В Воронеже показали мистическую версию "Судьбы человека"
Спектакль-исповедь по хрестоматийной повести Михаила Шолохова представили в Театре юного зрителя. На мытарства фронтового шофера предложили посмотреть как на путь, ведущий к покаянию. История души, выжженной войной почти дотла, стала удачным контрапунктом к победным маршам и выспренним речам, которые обычно перетягивают на себя внимание накануне 9 Мая.

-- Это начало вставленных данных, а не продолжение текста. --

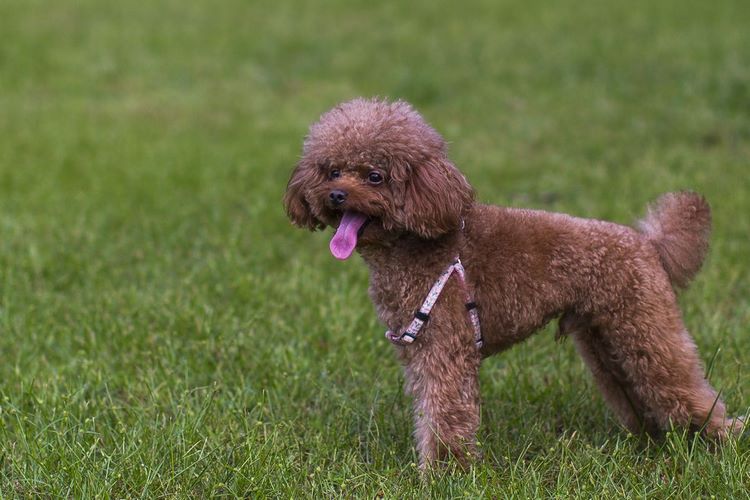 泰迪犬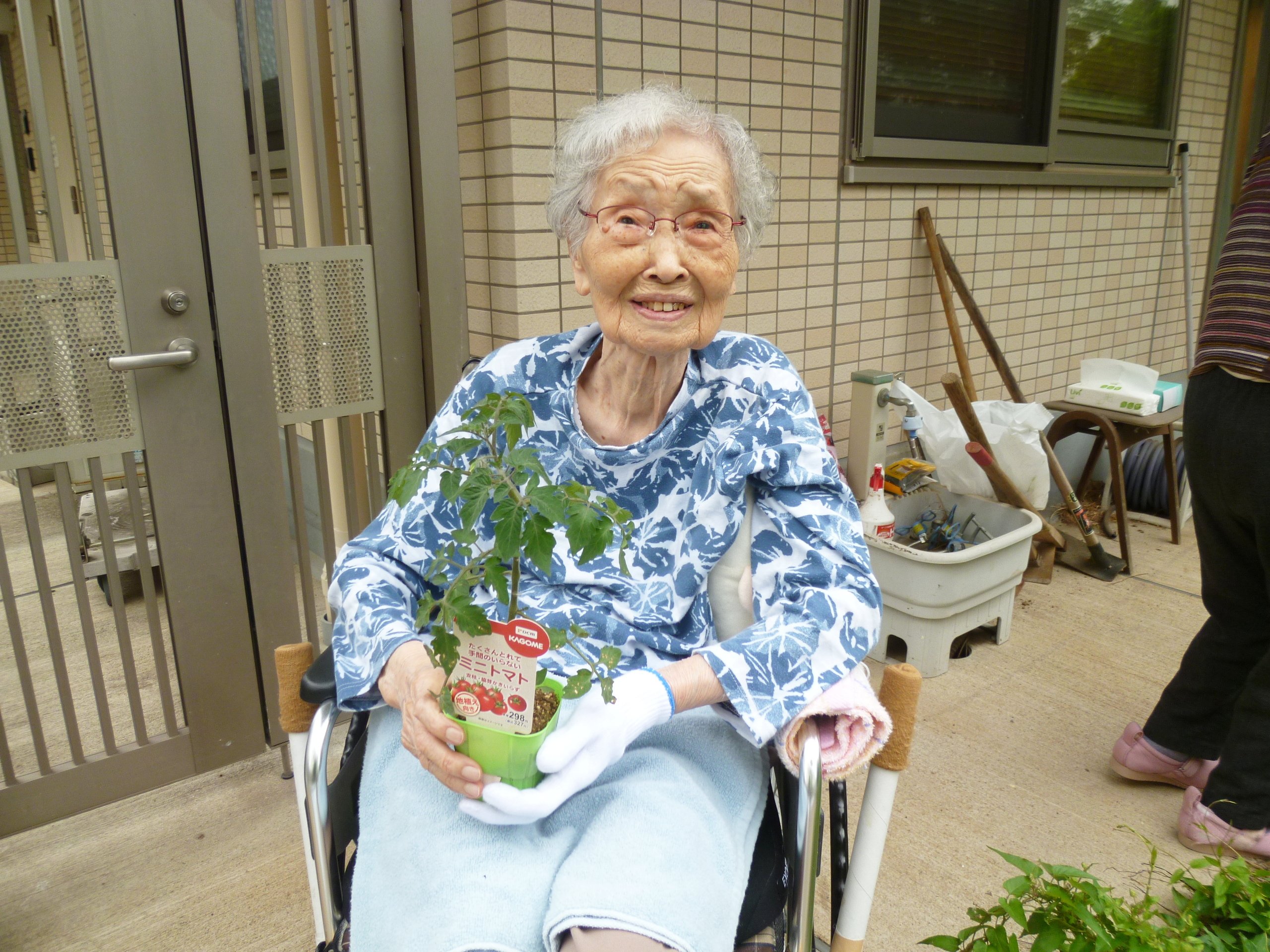 プチトマト苗植え見学-3　ニチイホーム東船橋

Главную - по большому счету, и единственную - роль в "Судьбе человека" сыграл заслуженный артист России, актер Камерного театра Андрей Мирошников. Его герой - неспешный, скупой на жесты и мимику, внутренне собранный, одетый во все чистое (между прочим, гражданское) - опускается на стул на авансцене будто бы посидеть на дорожку. И на протяжении двух часов, почти не меняя позы и не прибегая к театральным эффектам, медленно вспоминает свою жизнь. Слова произносит с расстановкой, иногда с усилием, как контуженный или перенесший удар. Этот прием (который, вопреки ожиданиям, не меняется до конца спектакля) требует от артиста недюжинной самоотдачи, а от зрителей - большой сосредоточенности.

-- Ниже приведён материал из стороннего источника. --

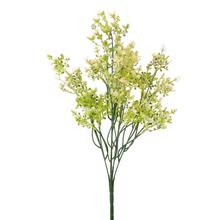 ZELEŇ WAXFLOWER BIELY 44CM - Zápich bílý / žlutý | FLORASYSTEM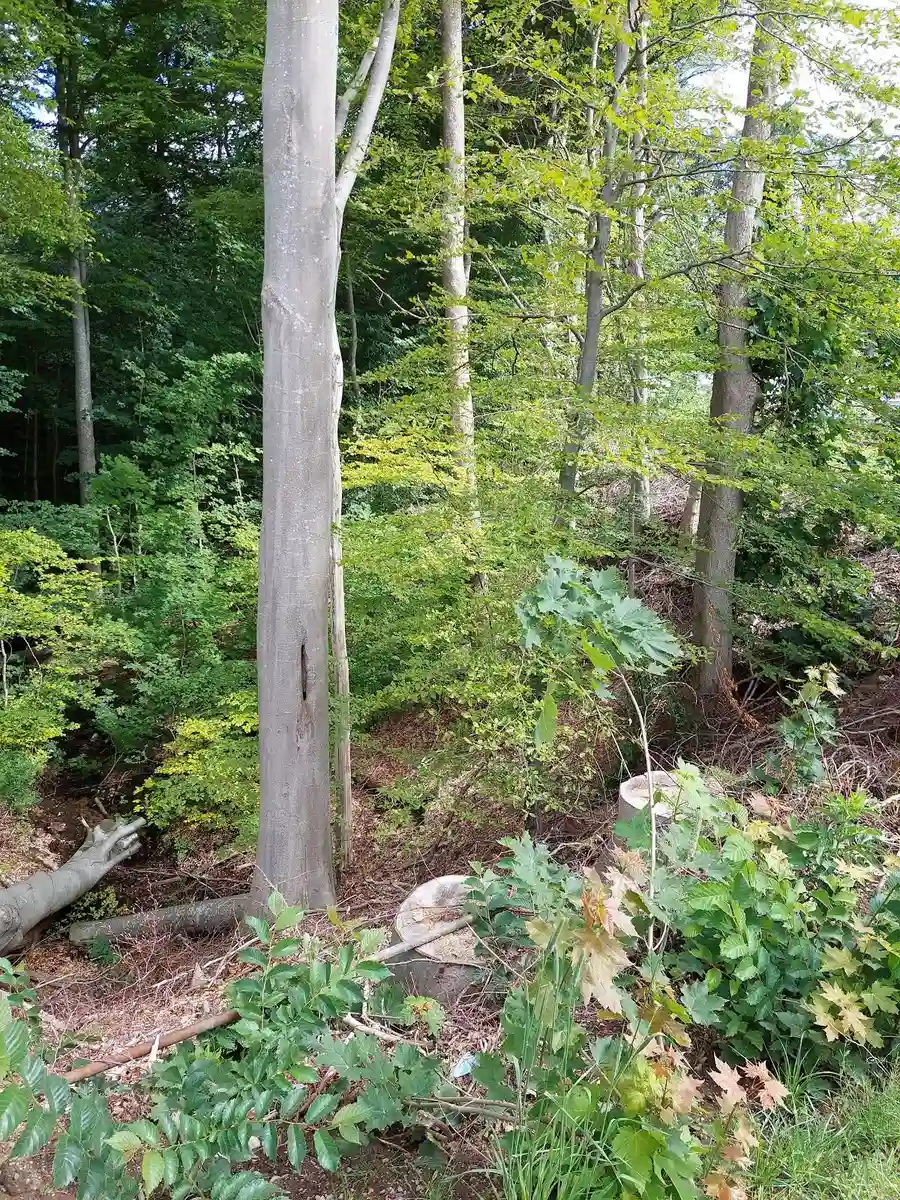 En lummig skog med täta träd och frodig grönska vid Elfdalens camping.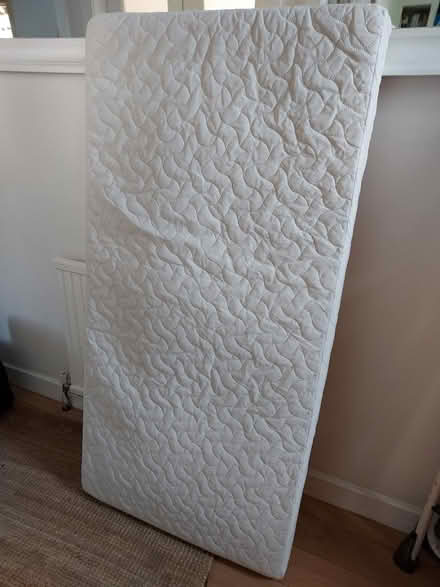 Photo of free Cot bed mattress and protector (EH16 5ER) #1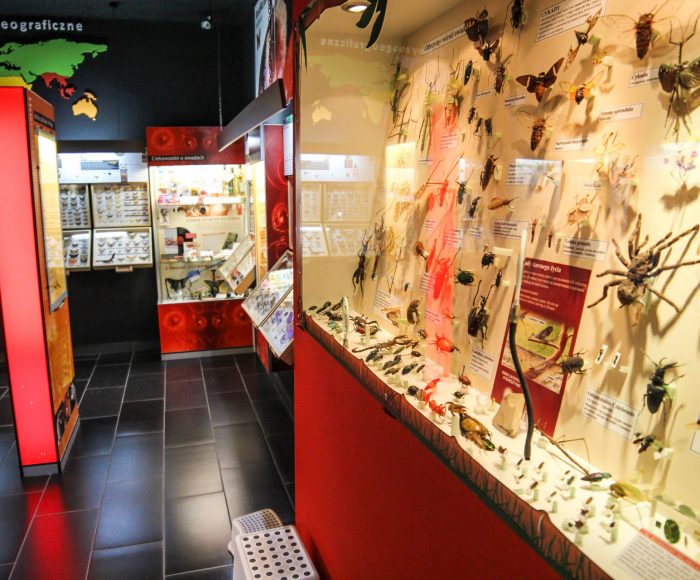 Łeba, Muzeum motyli. Zobacz największe na świecie okazy 3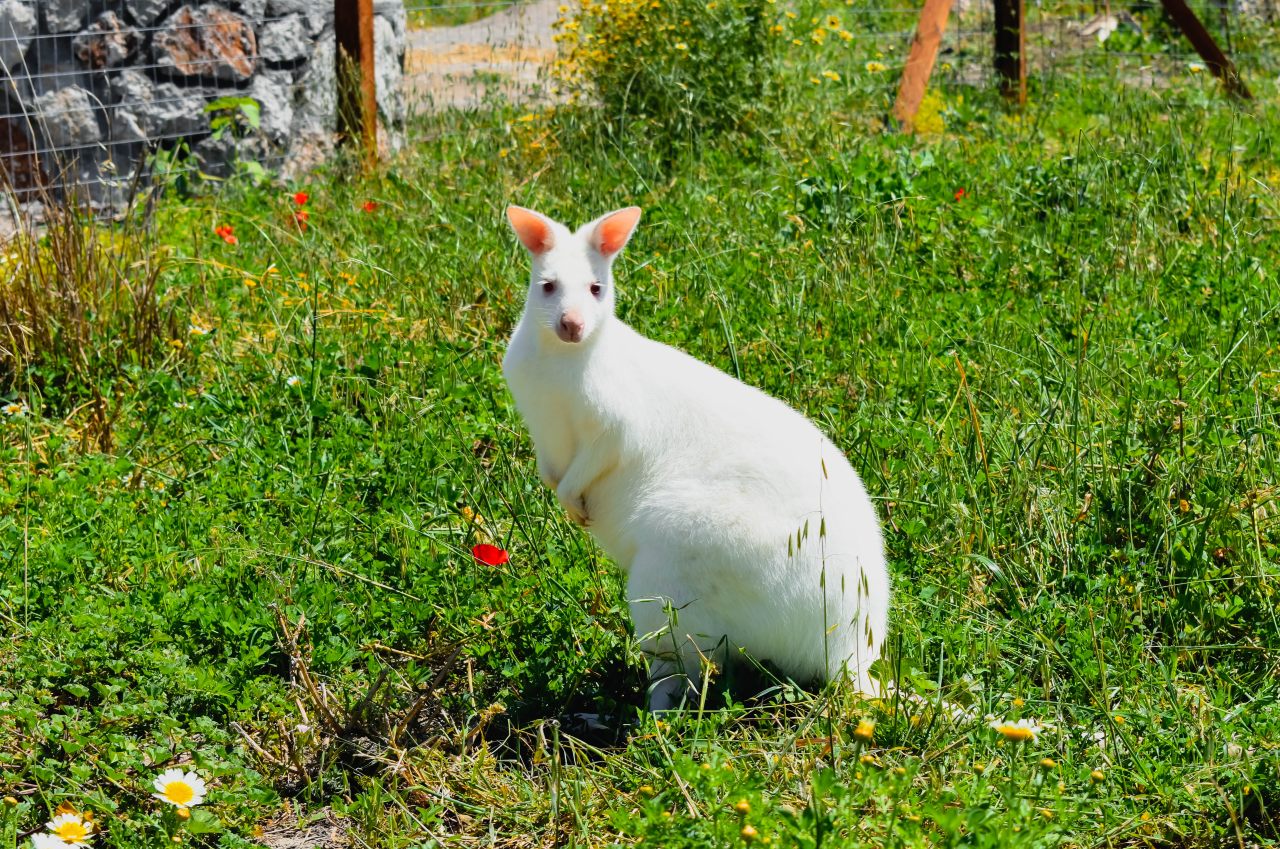 Farma of Rhodes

В шолоховском тексте Андрей Соколов рассказывает о себе случайному встречному у переправы через реку. Признается, что боится умереть от остановки сердца и напугать названого "сынка", что часто говорит во сне с покойными близкими, как будто он все еще за колючей проволокой немецкого концлагеря, а они - по ту сторону. Главный режиссер ТЮЗа Максим Иванов развернул эту ситуацию в мистической плоскости. Герой, вперивший взгляд в "четвертую стену", беседует уже с иным миром - где жив его кровный сын и куда стремится его душа. За спиной Соколова мерцает зеркало воды и неслышно ступают не то души, не то ангелы - под черными вдовьими покрывалами таятся белые одежды и платки, подколотые "на уголок".
Эти силуэты становятся элементом декорации, изображая при разном освещении то храм, в котором ночевали пленные красноармейцы, то стога в поле. Женщины-призраки кружат в хороводе, позвякивают невидимыми колокольчиками и поют духовные стихи.

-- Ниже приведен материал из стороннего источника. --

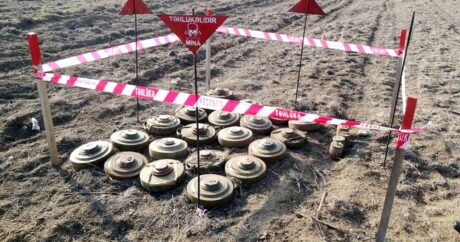 Названо количество мин, обнаруженных на освобожденных территориях Азербайджана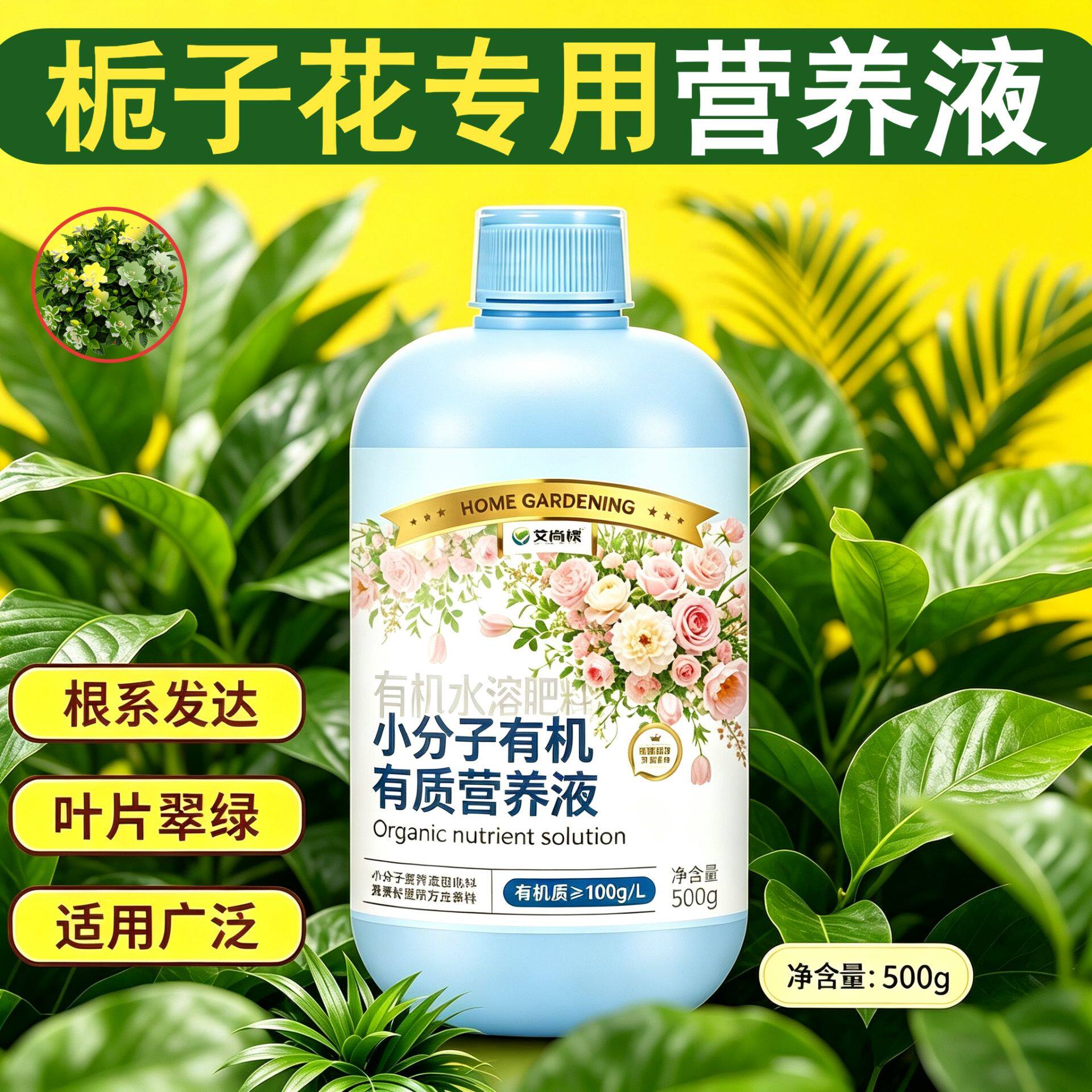 栀子花适用观花型营养液兑水即用壮根促长盆栽专用快速吸收园艺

Партитуру спектакля составили песнопения знаменного и демественного распева из репертуара ансамбля древнерусской духовной музыки "Сирин". От известного "Грешный человече" и 102-го псалма до фрагментов забытого "пещного действа" - особого чина, который совершался в православных храмах в преддверии Рождества вплоть до XVII века. В нем вспоминался ветхозаветный эпизод о чудесном спасении Анании, Азарии и Мисаила. По мысли Иванова, притча о трех отроках, которые отказались поклоняться идолу и были брошены в огненную печь, но стараниями ангела выжили, как-то соотносится с сюжетом "Судьбы человека":
Герой беседует уже с иным миром, куда стремится его душа
- На разных этапах герой попадает в разные "печи", но с честью проходит все испытания. Песнопения из "пещного действа", восстановленные участниками ансамбля "Сирин", звучали в другом моем спектакле. Мне показалось, что здесь они тоже будут уместны. Ну а ангелы - собирательный образ судьбы… Нам не хотелось манипулировать зрительской фантазией. Не хотелось идти иллюстративным путем - на то есть очень яркий и сильный фильм Бондарчука. Мы решили сосредоточиться на литературном слове и взять одну-единственную сцену, разобрав, что заставило героя вдруг выложить незнакомцу самое сокровенное. Наверное, так происходит, когда человек чувствует, что подошел к финалу, и видит нечто незримое для тех, кому еще жить да жить…
В постановке древнерусские песнопения местами переиначены (скорее всего, невольно) на южный манер - с "аканьем" и открытым звуком. Впрочем, и герой, уроженец Воронежской губернии, выражается языком отнюдь не старинным и не богослужебным. Две линии - реалистическая шолоховская и метафизическая музыкальная - развиваются параллельно, пока наконец не пересекаются в ответе на вопрос-лейтмотив "Что тебе надо, грешный человече?".